Justice Singh was hearing a bail application of a Hardoi-resident Kapil Raidas who had been booked under Section 2/3 of the Gangsters Act. The police had recovered some cigarette packets and Rs 6,600 from Raidas and claimed that the amount found on him came from three thefts he had allegedly committed. The investigating officer’s claims did not sit well with the Court.

“This is not a single case where the Court has been confronted with bogus, unbelievable and impossible story set up by the police to implicate one accused in several cases and then invoke the provisions of the Gangsters Act,” Justice Singh said in September 2020.

Until March 2023, 20,068 FIRs were lodged and the police arrested 64,039 persons under the Gangsters Act.
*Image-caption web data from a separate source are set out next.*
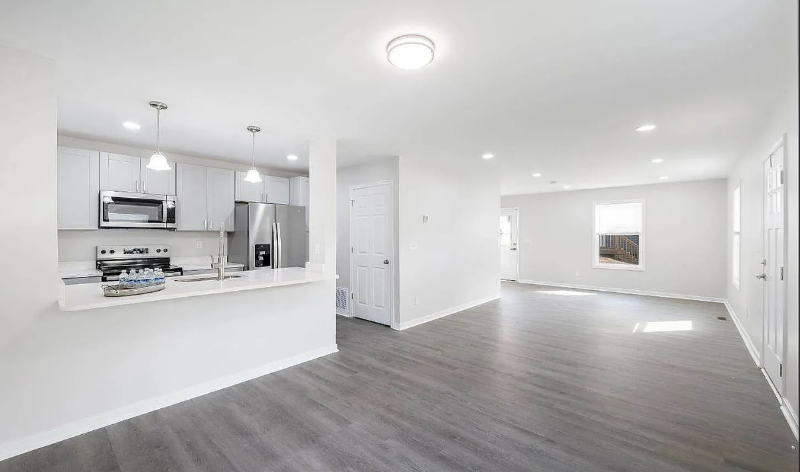 1525 Taylor St - Photo 3 of 19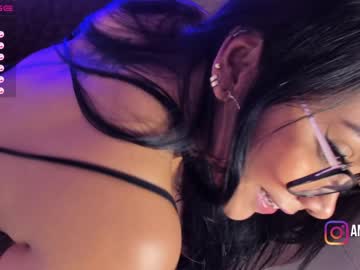 girl cam all day anthoneladoll image #2416366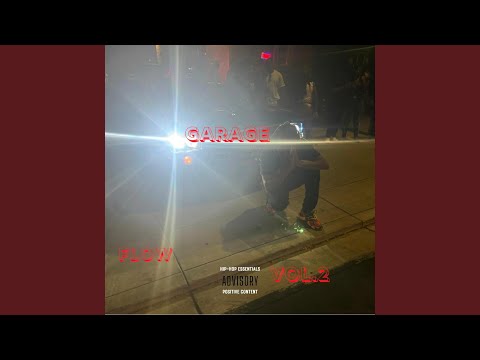 Let You Go (feat. Exclus Nood)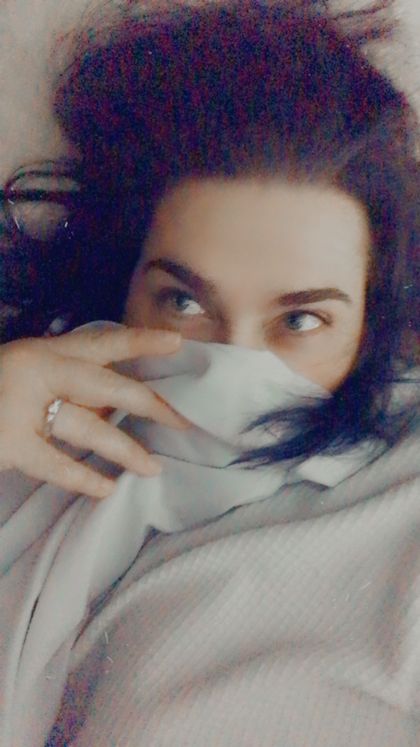 u92111236 OnlyFans picture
In November 2020, Justice Singh in another case involving theft charges, noted that the Gangsters Act was being “misused” by the police in “trivial matters” and directed the state DGP to formulate definite guidelines for preventing the misuse of the law.

‘Guidelines Not Being Followed’

The court in January 2021 noted that while guidelines had been issued for preventing the misuse of the provisions of the Gangsters Act by the police in 2014, it appeared that they were not being complied with by authorities.

The state then apprised the court about the recent guidelines issued by it in 2020 following which the judge directed the state DGP to issue a direction that the guidelines be strictly adhered to by the police and in case it was found that the guidelines were violated by any police officer, disciplinary proceeding should be initiated against him or her.

In separate cases in 2021 and 2022, the Allahabad High Court, however, also observed that an FIR under the Gangsters Act could be lodged on the basis of the involvement of an accused in a single previous case.

In July 2021, the UP government filed an affidavit in the High Court justifying invoking the Gangsters Act against a journalist and five others in Maharajganj district.

In December 2022, a lawyer filed a plea in the Supreme Court challenging the constitutional validity of the Gangsters Act alleging that the provisions of the Act were often used arbitrarily by the police.

Despite questions raised by human rights activists and Opposition leaders as well as some judges, Yogi Adityanath’s strong-arm policy against suspected criminals has been widely endorsed by his party’s central leadership, and as election results show, also by the public in UP.